Shareholder Right to Information and Inspection
Commercial Law & Corporate Governance
Shareholders' right to information and inspection is a fundamental corporate governance right that enables shareholders to oversee management and protect the value of their investment. This article analyzes the scope, limitations and exercise of these rights under the Turkish Commercial Code (TTK, No. 6102).
Legal Framework
The right to information (bilgi alma hakkı) and inspection (inceleme hakkı) in joint-stock companies (Anonim Şirketler) are regulated in Articles 437–440 of the Turkish Commercial Code. These provisions create mandatory rights that cannot be waived or restricted by articles of association.
Right to Information — Scope
Every shareholder has the right to request information from the board of directors at general assembly meetings. The board is obliged to answer questions unless disclosure would damage the company's business secrets or is contrary to the company's interests. The chairman of the general assembly rules on disputed information requests.
Beyond general assembly meetings, shareholders may also request information from the board between meetings — but this is more limited in scope and is typically exercised by larger shareholders with governance influence.
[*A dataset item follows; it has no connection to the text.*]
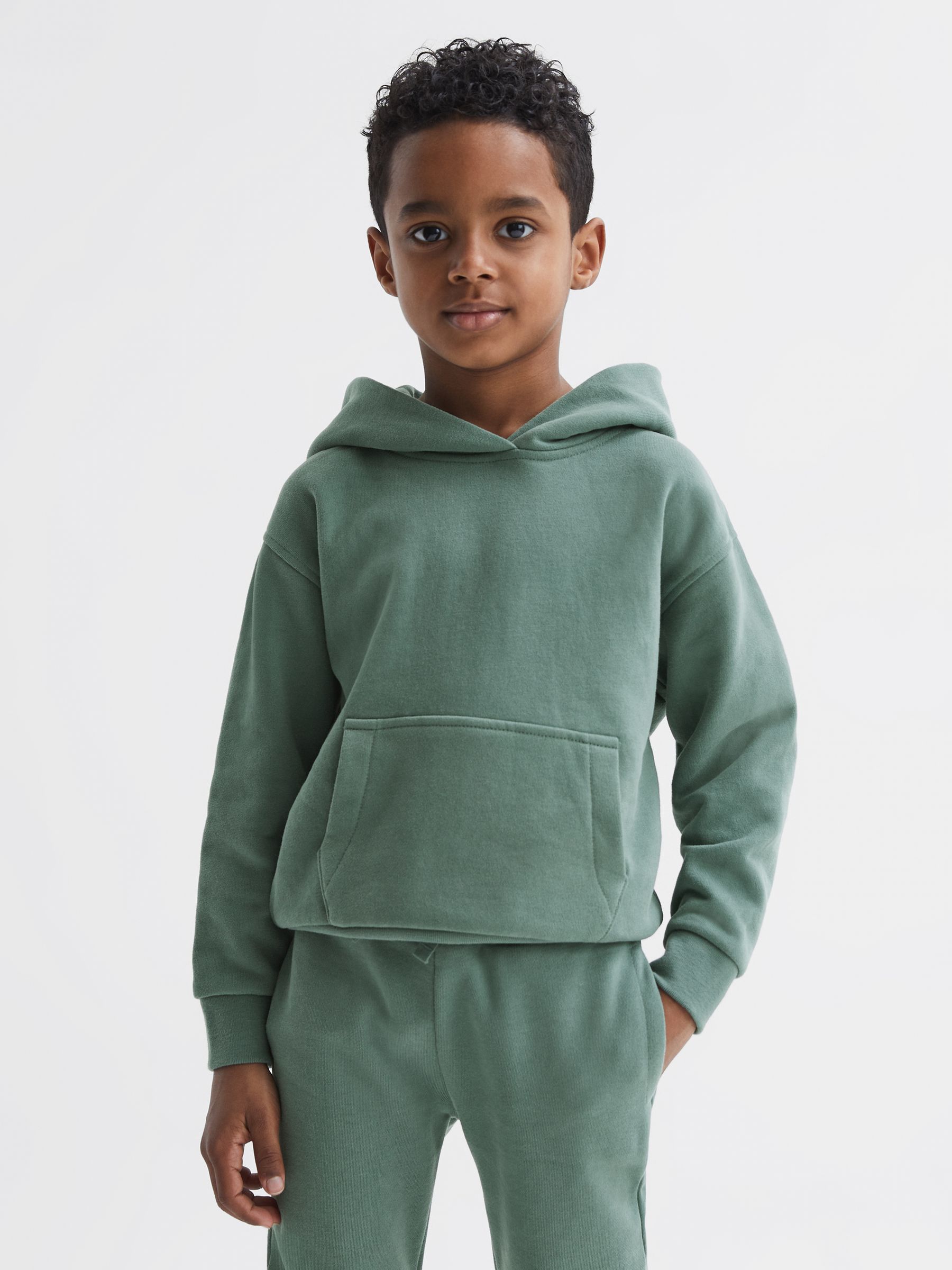 Oversized Garment Dye Jersey Hoodie in Fern Green - Image 3 of 6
Right to Inspection — Scope
The right of inspection (Articles 438–440 TTK) is more substantive. Shareholders may apply to inspect the company's books, correspondence and other documents, subject to court authorization where the company objects. The inspection right is particularly valuable in:
• Disputes between controlling and minority shareholders
• Suspected mismanagement or breach of fiduciary duty
• Due diligence prior to share transfer decisions
• Preparation for derivative claims against management
Limitations
The information and inspection rights are subject to important limitations:
• Business secrecy: Information that constitutes a business secret may be withheld
• Company interest: Information whose disclosure would damage the company's competitive position
• Scope: The right extends to documents and records relevant to the shareholder's legitimate interests, not to wholesale access to all company data
• Court authorization: Full inspection rights generally require court authorization if the company objects
Enforcement
Where the company wrongfully refuses information or inspection, shareholders may apply to the commercial court to compel disclosure. They may also raise refusal before the general assembly and, where the refusal constitutes a breach of fiduciary duty, pursue liability claims against board members.